(DATA TO USE begins)

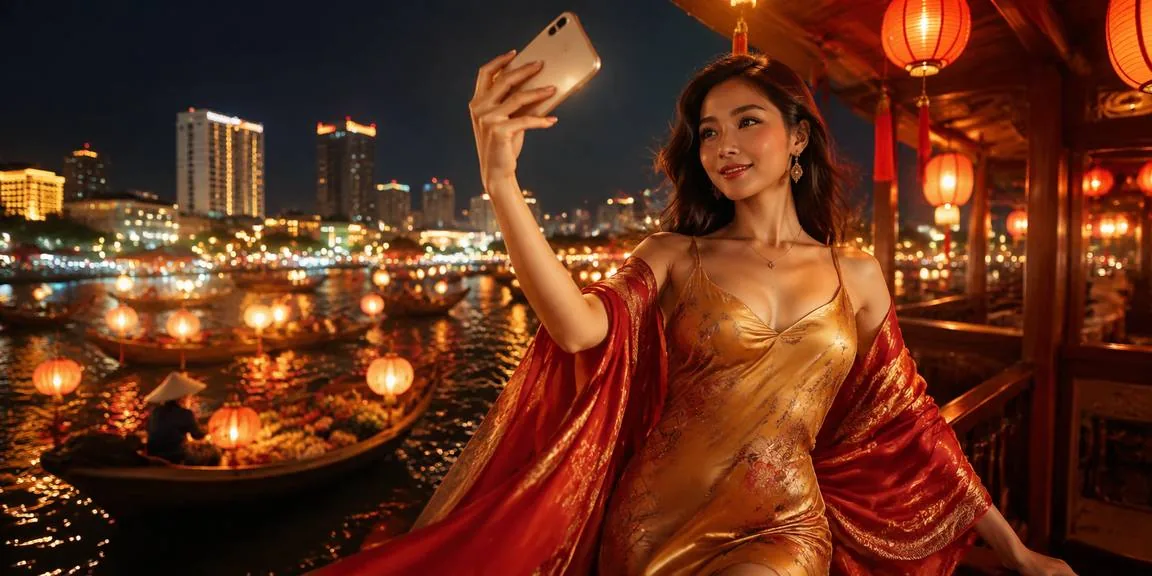 vj155 Việt Nam Sảnh casino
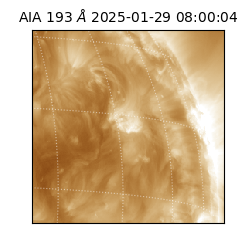 saia - 2025-01-29T08:00:04.843000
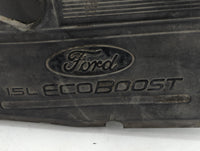2018 Ford Escape Engine Cover 1457991 - Oemusedautoparts1.com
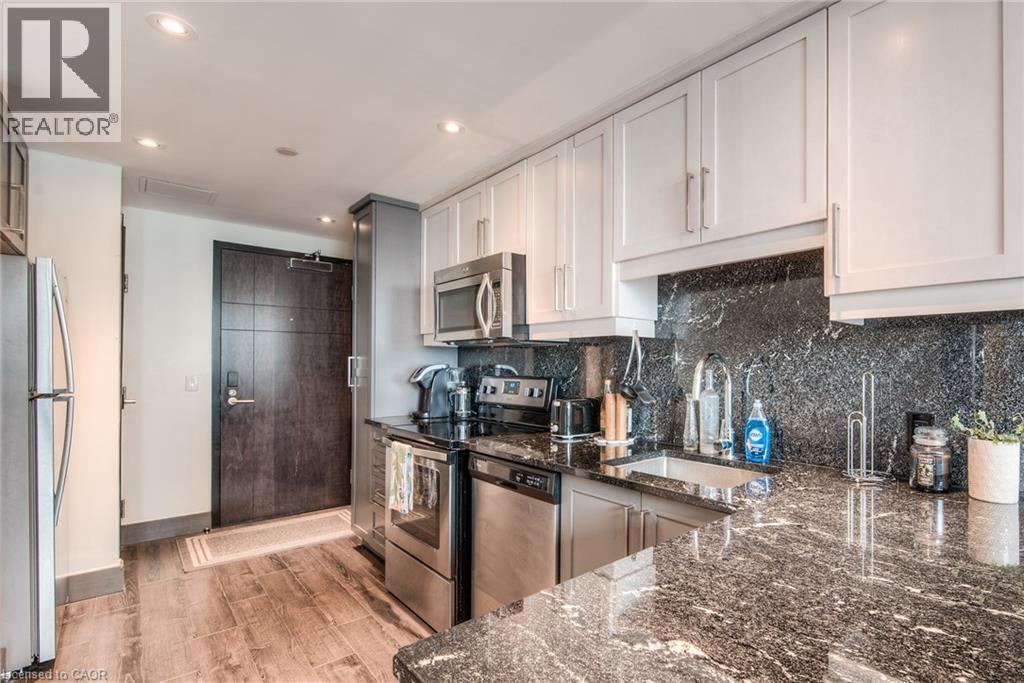 












330 PHILLIP Street Unit# S2007

,
Waterloo,




Ontario
N2L3W9

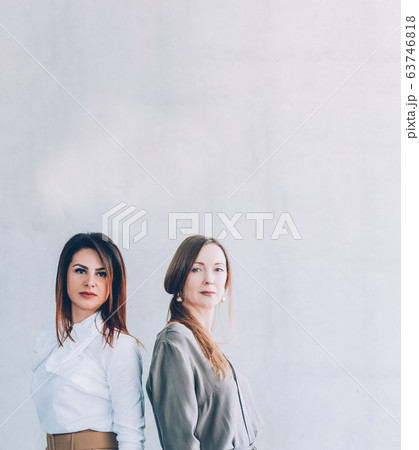 women business competition ambition female leaders women business competition ambition female leaders 63746818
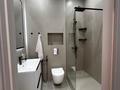 2-комнатная квартира · 51 м² · 1/4 этаж, Ниеткалиева за 23.7 млн ₸ в Уральске — фото 26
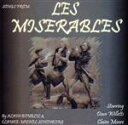 【中古】 【輸入盤】Les Miserables/LesMiserables(アーティスト)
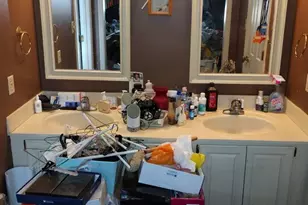 134 Shenandoah Trail, Warner Robins, GA 31088 - Photo 22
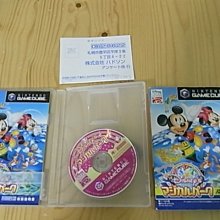 NGC公司權威評級銀元銀幣【（1911-1915）云南省造光 歷史價格詳細信息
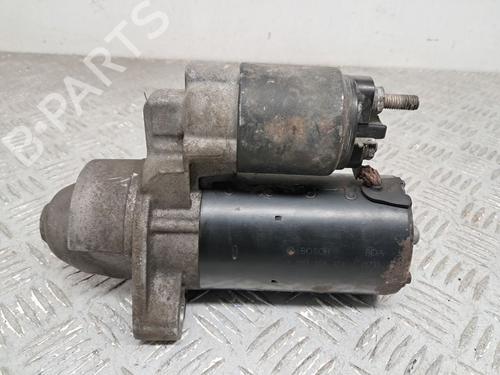 Starter AUDI ALLROAD C5 (4BH) 2.7 T quattro | BP29687494M8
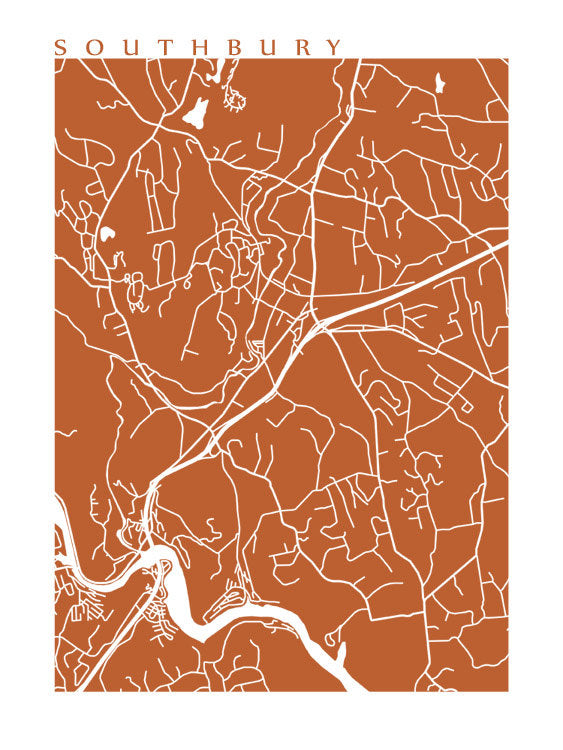 Southbury, Connecticut, EE.UU.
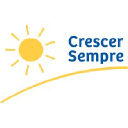 crescersempre.org.br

(DATA TO USE ends)

DESCRIPTION OF THE TASK: Nothing but the lines from the line with "NGC公司權威評級銀元銀幣【（1911-1915）云南省造光 歷史價格詳細信息" through the last line of the listing above should be repeated, and pictures should be left out.

EXERCISE RESULT:
 NGC公司權威評級銀元銀幣【（1911-1915）云南省造光 歷史價格詳細信息
 Starter AUDI ALLROAD C5 (4BH) 2.7 T quattro | BP29687494M8
 Southbury, Connecticut, EE.UU.
 crescersempre.org.br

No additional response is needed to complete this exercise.